Segment Start: Records shown

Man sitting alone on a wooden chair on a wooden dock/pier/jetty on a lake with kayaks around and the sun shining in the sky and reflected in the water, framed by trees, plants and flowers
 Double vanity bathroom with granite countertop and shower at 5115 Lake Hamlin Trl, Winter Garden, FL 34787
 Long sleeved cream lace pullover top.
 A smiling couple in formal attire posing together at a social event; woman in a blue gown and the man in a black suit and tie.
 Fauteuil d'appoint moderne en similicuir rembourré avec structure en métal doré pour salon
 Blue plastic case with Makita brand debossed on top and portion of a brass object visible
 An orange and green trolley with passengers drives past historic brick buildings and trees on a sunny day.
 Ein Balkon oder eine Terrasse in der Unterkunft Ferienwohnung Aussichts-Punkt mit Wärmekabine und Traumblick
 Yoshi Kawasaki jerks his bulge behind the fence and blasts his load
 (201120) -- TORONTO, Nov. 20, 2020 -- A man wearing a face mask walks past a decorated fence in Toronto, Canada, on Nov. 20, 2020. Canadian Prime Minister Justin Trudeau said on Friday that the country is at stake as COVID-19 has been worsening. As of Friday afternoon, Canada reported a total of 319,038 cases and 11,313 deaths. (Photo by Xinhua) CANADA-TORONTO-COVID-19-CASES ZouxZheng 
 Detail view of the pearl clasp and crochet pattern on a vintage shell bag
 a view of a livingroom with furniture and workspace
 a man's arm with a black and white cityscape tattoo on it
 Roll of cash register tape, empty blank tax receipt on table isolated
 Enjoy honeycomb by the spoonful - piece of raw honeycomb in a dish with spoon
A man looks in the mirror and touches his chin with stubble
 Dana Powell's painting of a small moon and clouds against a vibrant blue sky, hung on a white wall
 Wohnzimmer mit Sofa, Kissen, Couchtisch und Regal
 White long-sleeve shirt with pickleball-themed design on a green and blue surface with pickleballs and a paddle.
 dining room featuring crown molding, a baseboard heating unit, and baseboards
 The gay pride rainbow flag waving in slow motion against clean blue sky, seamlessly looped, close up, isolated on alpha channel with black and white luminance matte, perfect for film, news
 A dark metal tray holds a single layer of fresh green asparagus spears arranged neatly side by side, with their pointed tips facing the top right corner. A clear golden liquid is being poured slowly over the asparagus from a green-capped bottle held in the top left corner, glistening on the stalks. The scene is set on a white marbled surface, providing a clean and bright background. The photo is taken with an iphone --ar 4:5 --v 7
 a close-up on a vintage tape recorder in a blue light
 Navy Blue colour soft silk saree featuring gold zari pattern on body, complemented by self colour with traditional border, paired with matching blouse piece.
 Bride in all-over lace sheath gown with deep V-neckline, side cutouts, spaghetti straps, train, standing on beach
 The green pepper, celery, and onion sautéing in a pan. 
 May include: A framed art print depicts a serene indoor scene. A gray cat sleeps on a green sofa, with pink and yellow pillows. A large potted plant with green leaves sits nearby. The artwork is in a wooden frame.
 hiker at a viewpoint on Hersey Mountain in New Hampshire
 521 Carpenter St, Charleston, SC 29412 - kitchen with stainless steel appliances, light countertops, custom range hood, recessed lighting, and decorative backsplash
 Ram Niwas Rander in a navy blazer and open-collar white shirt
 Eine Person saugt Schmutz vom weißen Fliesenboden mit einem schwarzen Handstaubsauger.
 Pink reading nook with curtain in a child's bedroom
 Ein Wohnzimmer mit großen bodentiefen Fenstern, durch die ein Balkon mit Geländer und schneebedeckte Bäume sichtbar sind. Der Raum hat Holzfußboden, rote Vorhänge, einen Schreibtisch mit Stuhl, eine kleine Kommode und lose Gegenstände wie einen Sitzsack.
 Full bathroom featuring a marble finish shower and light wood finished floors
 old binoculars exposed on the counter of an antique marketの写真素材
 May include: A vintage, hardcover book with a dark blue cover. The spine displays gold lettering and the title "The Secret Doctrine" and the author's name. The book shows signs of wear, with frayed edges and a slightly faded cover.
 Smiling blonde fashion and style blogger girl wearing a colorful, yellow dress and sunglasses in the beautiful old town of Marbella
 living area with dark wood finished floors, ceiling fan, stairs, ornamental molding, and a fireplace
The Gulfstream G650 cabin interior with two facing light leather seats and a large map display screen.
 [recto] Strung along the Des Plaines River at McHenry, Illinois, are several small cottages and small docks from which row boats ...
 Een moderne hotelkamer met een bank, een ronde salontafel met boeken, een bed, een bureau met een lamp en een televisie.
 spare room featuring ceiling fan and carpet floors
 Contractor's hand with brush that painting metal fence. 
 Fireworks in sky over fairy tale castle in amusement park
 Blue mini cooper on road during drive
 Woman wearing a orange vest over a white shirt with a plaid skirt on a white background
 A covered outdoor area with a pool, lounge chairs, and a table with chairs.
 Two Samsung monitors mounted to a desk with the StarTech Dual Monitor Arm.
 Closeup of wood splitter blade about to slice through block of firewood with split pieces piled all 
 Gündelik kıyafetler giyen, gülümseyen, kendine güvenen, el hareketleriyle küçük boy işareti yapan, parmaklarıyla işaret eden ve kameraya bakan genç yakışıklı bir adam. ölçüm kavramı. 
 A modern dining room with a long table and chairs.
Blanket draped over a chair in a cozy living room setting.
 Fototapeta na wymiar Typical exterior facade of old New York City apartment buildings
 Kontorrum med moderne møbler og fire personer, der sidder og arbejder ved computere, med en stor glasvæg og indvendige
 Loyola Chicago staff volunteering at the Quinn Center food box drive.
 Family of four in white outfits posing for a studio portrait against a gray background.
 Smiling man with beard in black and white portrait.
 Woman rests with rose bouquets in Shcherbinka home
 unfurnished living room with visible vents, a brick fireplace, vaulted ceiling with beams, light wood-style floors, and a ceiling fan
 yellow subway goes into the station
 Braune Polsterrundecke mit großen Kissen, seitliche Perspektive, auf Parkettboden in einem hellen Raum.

Segment End: Records shown

**How to complete this task:** An exact copy of every entry is the expected result.

**Solution:**
Man sitting alone on a wooden chair on a wooden dock/pier/jetty on a lake with kayaks around and the sun shining in the sky and reflected in the water, framed by trees, plants and flowers
 Double vanity bathroom with granite countertop and shower at 5115 Lake Hamlin Trl, Winter Garden, FL 34787
 Long sleeved cream lace pullover top.
 A smiling couple in formal attire posing together at a social event; woman in a blue gown and the man in a black suit and tie.
 Fauteuil d'appoint moderne en similicuir rembourré avec structure en métal doré pour salon
 Blue plastic case with Makita brand debossed on top and portion of a brass object visible
 An orange and green trolley with passengers drives past historic brick buildings and trees on a sunny day.
 Ein Balkon oder eine Terrasse in der Unterkunft Ferienwohnung Aussichts-Punkt mit Wärmekabine und Traumblick
 Yoshi Kawasaki jerks his bulge behind the fence and blasts his load
 (201120) -- TORONTO, Nov. 20, 2020 -- A man wearing a face mask walks past a decorated fence in Toronto, Canada, on Nov. 20, 2020. Canadian Prime Minister Justin Trudeau said on Friday that the country is at stake as COVID-19 has been worsening. As of Friday afternoon, Canada reported a total of 319,038 cases and 11,313 deaths. (Photo by Xinhua) CANADA-TORONTO-COVID-19-CASES ZouxZheng 
 Detail view of the pearl clasp and crochet pattern on a vintage shell bag
 a view of a livingroom with furniture and workspace
 a man's arm with a black and white cityscape tattoo on it
 Roll of cash register tape, empty blank tax receipt on table isolated
 Enjoy honeycomb by the spoonful - piece of raw honeycomb in a dish with spoon
A man looks in the mirror and touches his chin with stubble
 Dana Powell's painting of a small moon and clouds against a vibrant blue sky, hung on a white wall
 Wohnzimmer mit Sofa, Kissen, Couchtisch und Regal
 White long-sleeve shirt with pickleball-themed design on a green and blue surface with pickleballs and a paddle.
 dining room featuring crown molding, a baseboard heating unit, and baseboards
 The gay pride rainbow flag waving in slow motion against clean blue sky, seamlessly looped, close up, isolated on alpha channel with black and white luminance matte, perfect for film, news
 A dark metal tray holds a single layer of fresh green asparagus spears arranged neatly side by side, with their pointed tips facing the top right corner. A clear golden liquid is being poured slowly over the asparagus from a green-capped bottle held in the top left corner, glistening on the stalks. The scene is set on a white marbled surface, providing a clean and bright background. The photo is taken with an iphone --ar 4:5 --v 7
 a close-up on a vintage tape recorder in a blue light
 Navy Blue colour soft silk saree featuring gold zari pattern on body, complemented by self colour with traditional border, paired with matching blouse piece.
 Bride in all-over lace sheath gown with deep V-neckline, side cutouts, spaghetti straps, train, standing on beach
 The green pepper, celery, and onion sautéing in a pan. 
 May include: A framed art print depicts a serene indoor scene. A gray cat sleeps on a green sofa, with pink and yellow pillows. A large potted plant with green leaves sits nearby. The artwork is in a wooden frame.
 hiker at a viewpoint on Hersey Mountain in New Hampshire
 521 Carpenter St, Charleston, SC 29412 - kitchen with stainless steel appliances, light countertops, custom range hood, recessed lighting, and decorative backsplash
 Ram Niwas Rander in a navy blazer and open-collar white shirt
 Eine Person saugt Schmutz vom weißen Fliesenboden mit einem schwarzen Handstaubsauger.
 Pink reading nook with curtain in a child's bedroom
 Ein Wohnzimmer mit großen bodentiefen Fenstern, durch die ein Balkon mit Geländer und schneebedeckte Bäume sichtbar sind. Der Raum hat Holzfußboden, rote Vorhänge, einen Schreibtisch mit Stuhl, eine kleine Kommode und lose Gegenstände wie einen Sitzsack.
 Full bathroom featuring a marble finish shower and light wood finished floors
 old binoculars exposed on the counter of an antique marketの写真素材
 May include: A vintage, hardcover book with a dark blue cover. The spine displays gold lettering and the title "The Secret Doctrine" and the author's name. The book shows signs of wear, with frayed edges and a slightly faded cover.
 Smiling blonde fashion and style blogger girl wearing a colorful, yellow dress and sunglasses in the beautiful old town of Marbella
 living area with dark wood finished floors, ceiling fan, stairs, ornamental molding, and a fireplace
The Gulfstream G650 cabin interior with two facing light leather seats and a large map display screen.
 [recto] Strung along the Des Plaines River at McHenry, Illinois, are several small cottages and small docks from which row boats ...
 Een moderne hotelkamer met een bank, een ronde salontafel met boeken, een bed, een bureau met een lamp en een televisie.
 spare room featuring ceiling fan and carpet floors
 Contractor's hand with brush that painting metal fence. 
 Fireworks in sky over fairy tale castle in amusement park
 Blue mini cooper on road during drive
 Woman wearing a orange vest over a white shirt with a plaid skirt on a white background
 A covered outdoor area with a pool, lounge chairs, and a table with chairs.
 Two Samsung monitors mounted to a desk with the StarTech Dual Monitor Arm.
 Closeup of wood splitter blade about to slice through block of firewood with split pieces piled all 
 Gündelik kıyafetler giyen, gülümseyen, kendine güvenen, el hareketleriyle küçük boy işareti yapan, parmaklarıyla işaret eden ve kameraya bakan genç yakışıklı bir adam. ölçüm kavramı. 
 A modern dining room with a long table and chairs.
Blanket draped over a chair in a cozy living room setting.
 Fototapeta na wymiar Typical exterior facade of old New York City apartment buildings
 Kontorrum med moderne møbler og fire personer, der sidder og arbejder ved computere, med en stor glasvæg og indvendige
 Loyola Chicago staff volunteering at the Quinn Center food box drive.
 Family of four in white outfits posing for a studio portrait against a gray background.
 Smiling man with beard in black and white portrait.
 Woman rests with rose bouquets in Shcherbinka home
 unfurnished living room with visible vents, a brick fireplace, vaulted ceiling with beams, light wood-style floors, and a ceiling fan
 yellow subway goes into the station
 Braune Polsterrundecke mit großen Kissen, seitliche Perspektive, auf Parkettboden in einem hellen Raum.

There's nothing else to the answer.